- Activity -
The data below should be retyped exactly, with the pictures left out.

- Data extract -
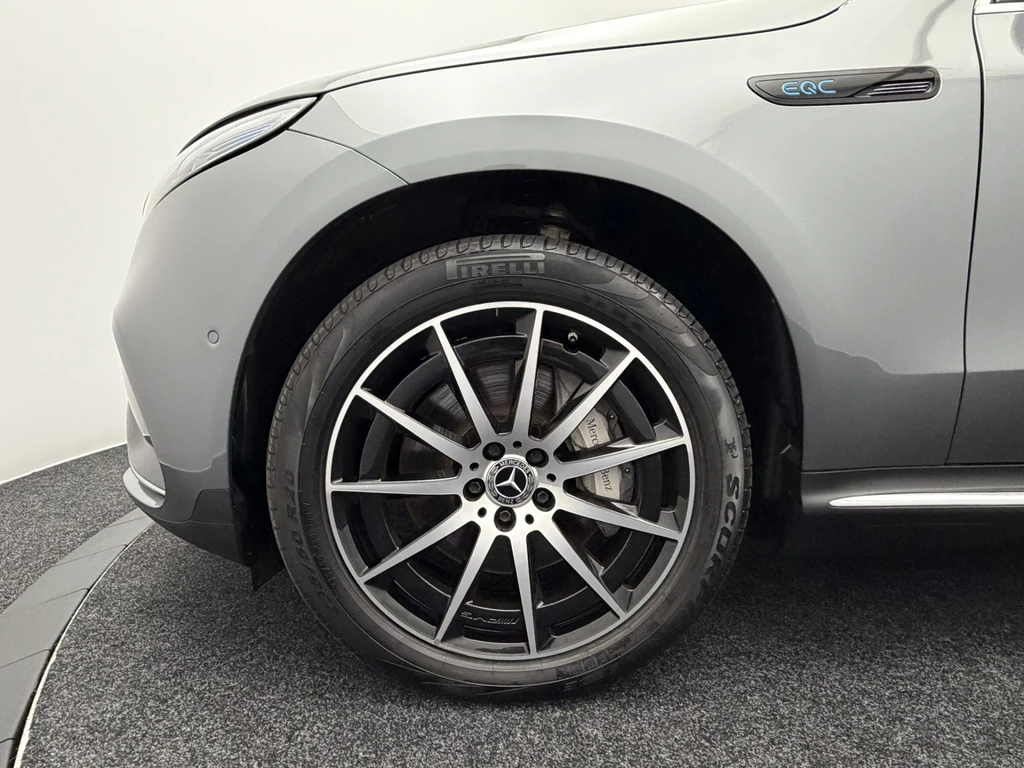Mercedes-Benz EQC – foto 22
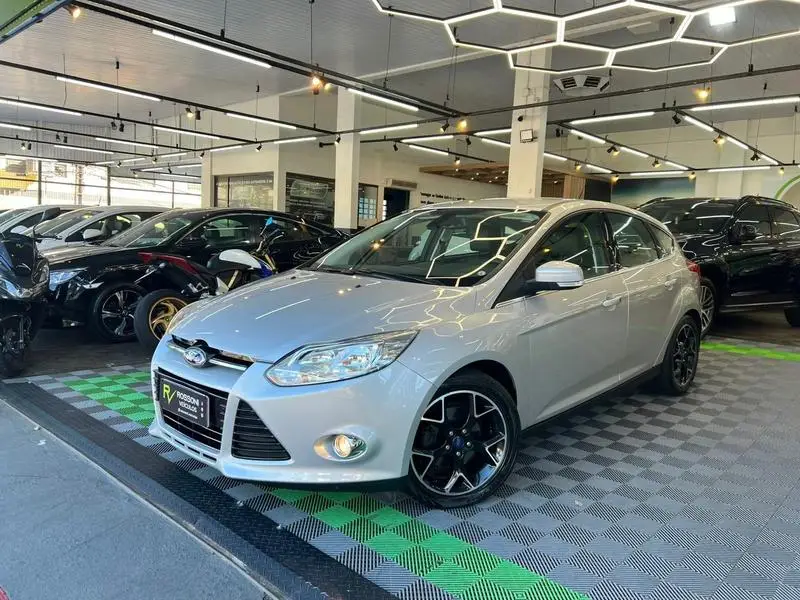 Ford Titanium 2.0 16V PowerShift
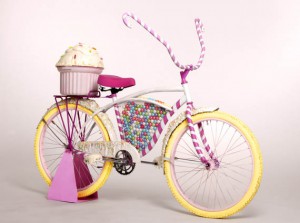Велосипед-вкусняшка из сладостей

- Completed exercise -
Mercedes-Benz EQC – foto 22
 Ford Titanium 2.0 16V PowerShift
Велосипед-вкусняшка из сладостей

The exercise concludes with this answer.